What to work on: Your task is to restate every entry below word for word and omit the images.

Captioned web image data
★ ★ ★ ★ ★
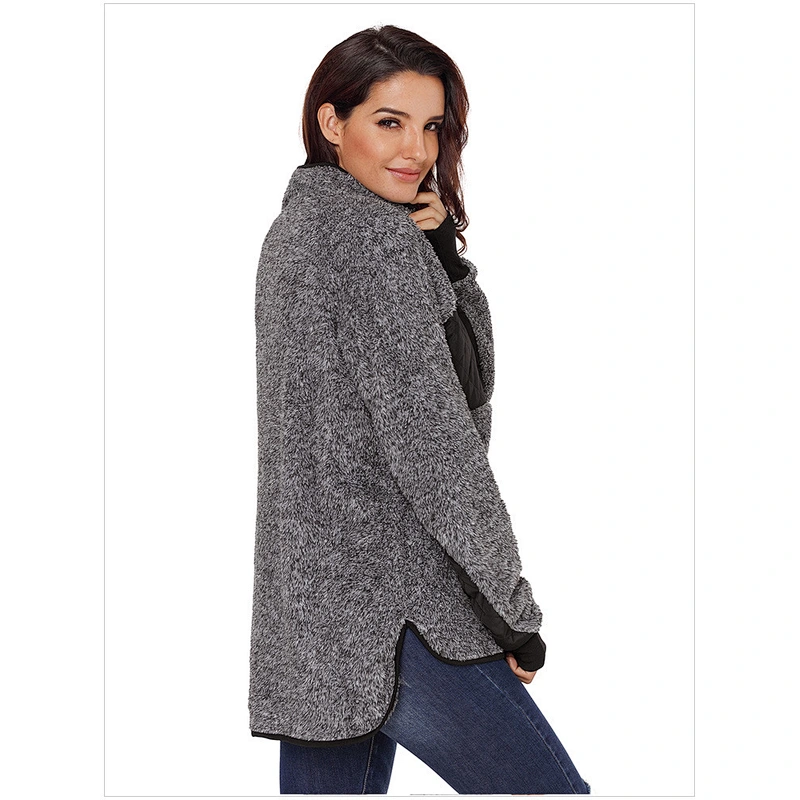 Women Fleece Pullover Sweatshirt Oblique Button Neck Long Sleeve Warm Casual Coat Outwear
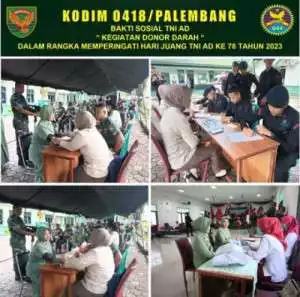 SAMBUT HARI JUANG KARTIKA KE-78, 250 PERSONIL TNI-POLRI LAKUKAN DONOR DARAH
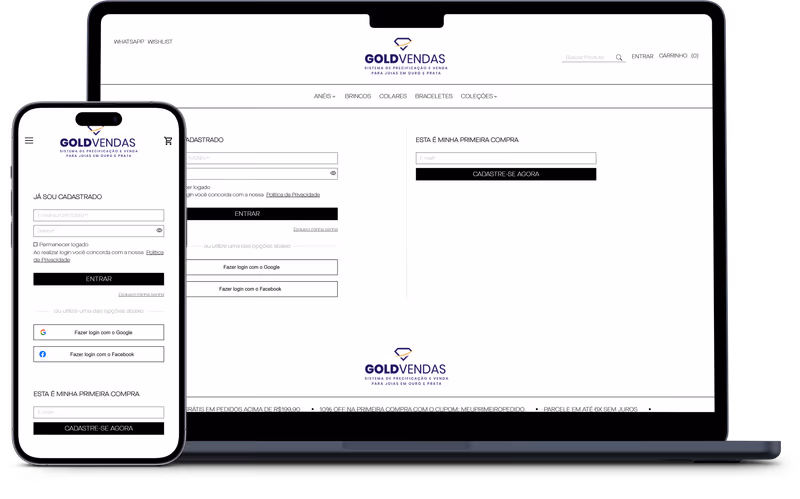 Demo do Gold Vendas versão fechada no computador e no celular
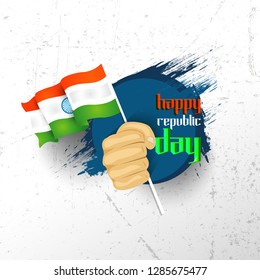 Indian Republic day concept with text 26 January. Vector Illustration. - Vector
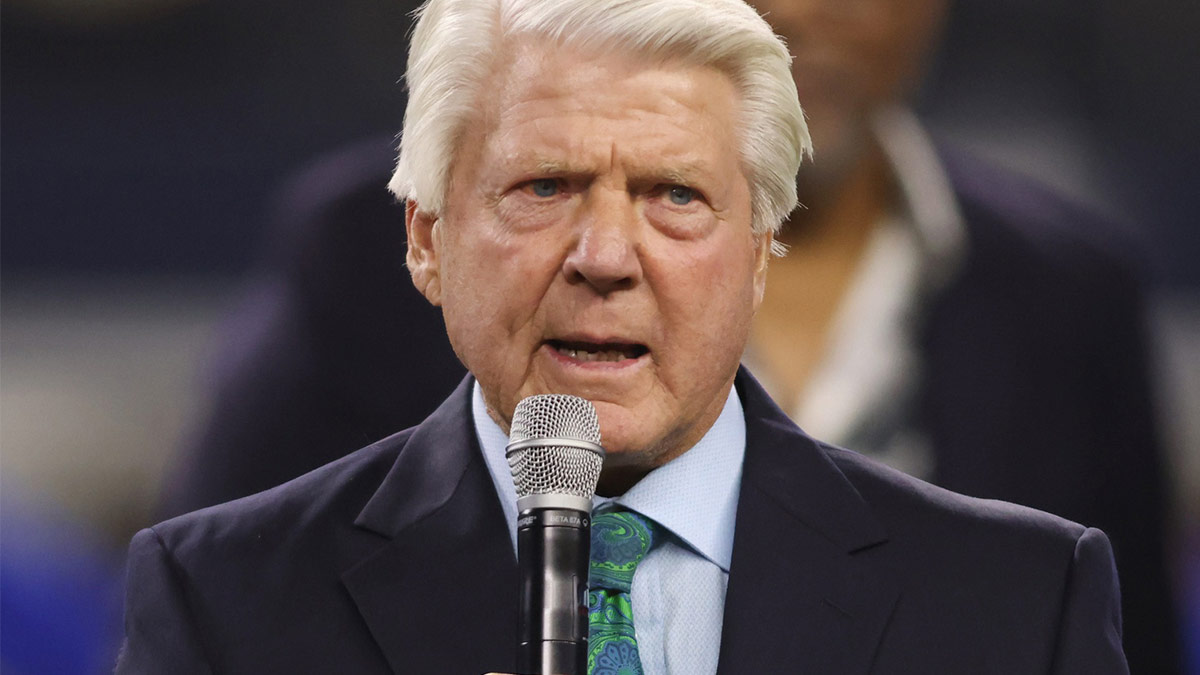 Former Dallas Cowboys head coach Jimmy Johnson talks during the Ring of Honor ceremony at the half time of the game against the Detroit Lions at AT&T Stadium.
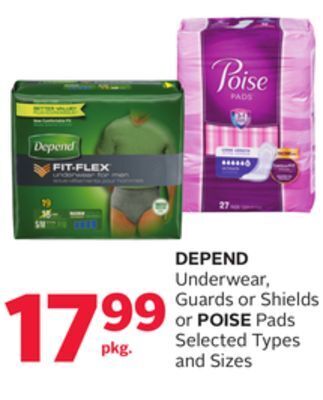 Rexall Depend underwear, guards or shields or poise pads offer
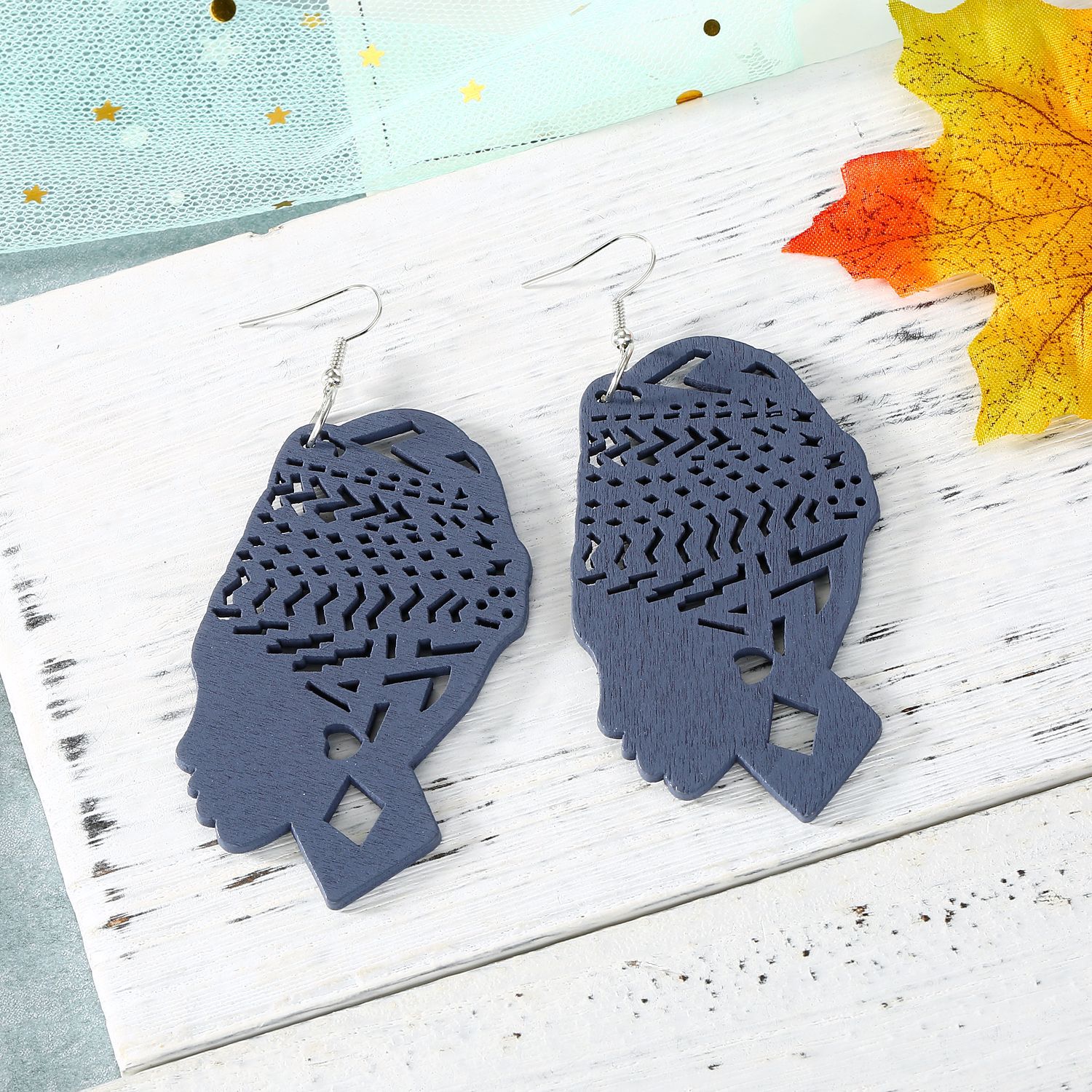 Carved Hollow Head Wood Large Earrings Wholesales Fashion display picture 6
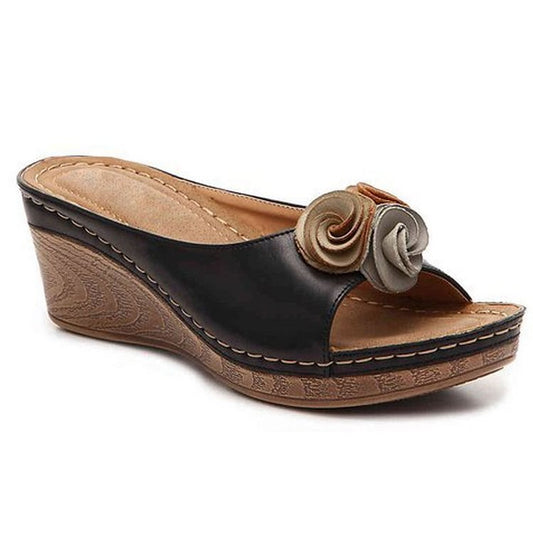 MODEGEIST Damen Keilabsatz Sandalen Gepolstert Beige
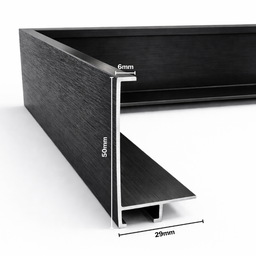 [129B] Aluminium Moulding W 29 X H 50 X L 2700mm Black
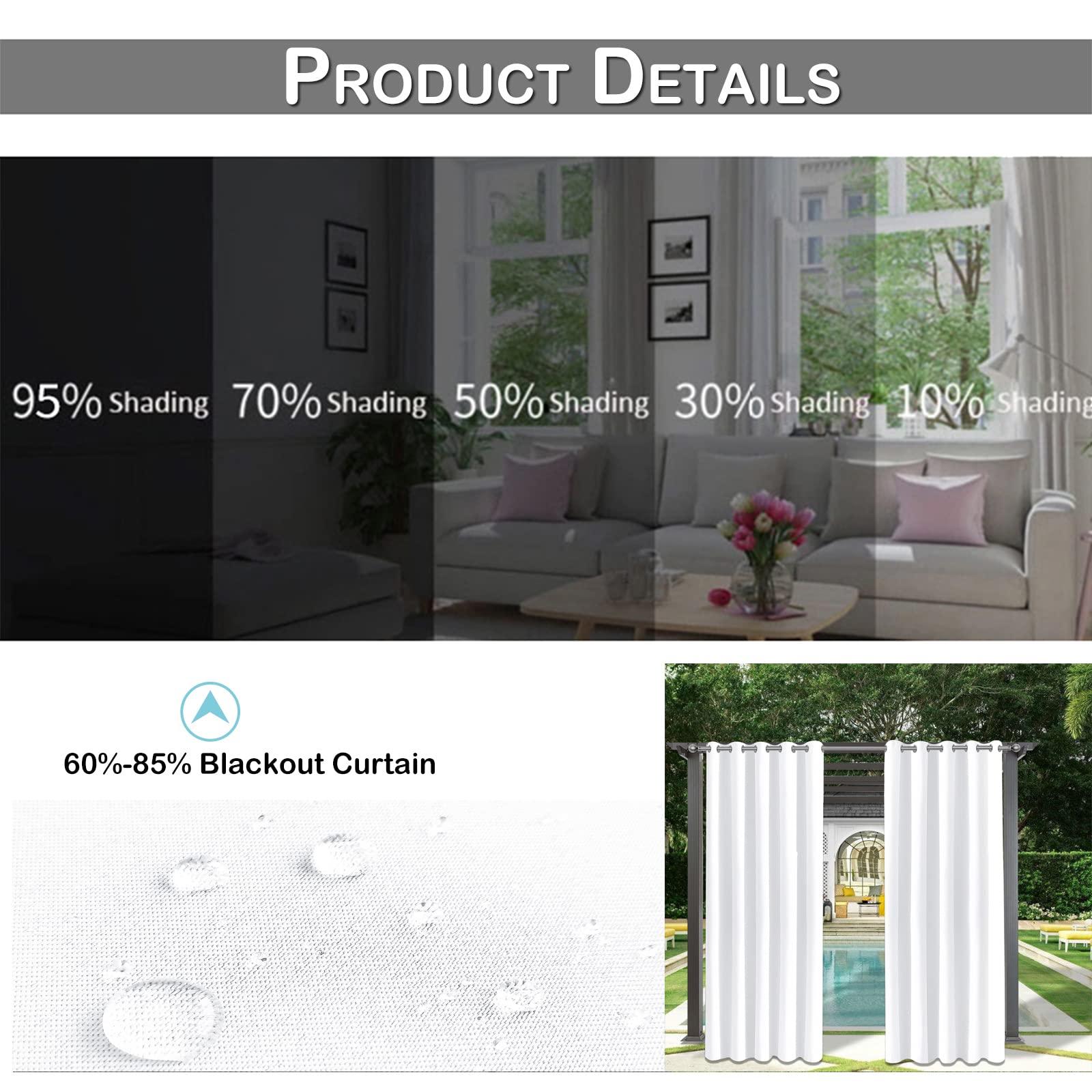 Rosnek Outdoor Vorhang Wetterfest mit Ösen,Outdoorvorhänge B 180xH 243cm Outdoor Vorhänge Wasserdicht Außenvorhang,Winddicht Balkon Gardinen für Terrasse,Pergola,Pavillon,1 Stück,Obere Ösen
★ ★ ★ ★ ★
Result of this exercise:
 Women Fleece Pullover Sweatshirt Oblique Button Neck Long Sleeve Warm Casual Coat Outwear
 SAMBUT HARI JUANG KARTIKA KE-78, 250 PERSONIL TNI-POLRI LAKUKAN DONOR DARAH
 Demo do Gold Vendas versão fechada no computador e no celular
 Indian Republic day concept with text 26 January. Vector Illustration. - Vector
 Former Dallas Cowboys head coach Jimmy Johnson talks during the Ring of Honor ceremony at the half time of the game against the Detroit Lions at AT&T Stadium.
 Rexall Depend underwear, guards or shields or poise pads offer
 Carved Hollow Head Wood Large Earrings Wholesales Fashion display picture 6
 MODEGEIST Damen Keilabsatz Sandalen Gepolstert Beige
 [129B] Aluminium Moulding W 29 X H 50 X L 2700mm Black
 Rosnek Outdoor Vorhang Wetterfest mit Ösen,Outdoorvorhänge B 180xH 243cm Outdoor Vorhänge Wasserdicht Außenvorhang,Winddicht Balkon Gardinen für Terrasse,Pergola,Pavillon,1 Stück,Obere Ösen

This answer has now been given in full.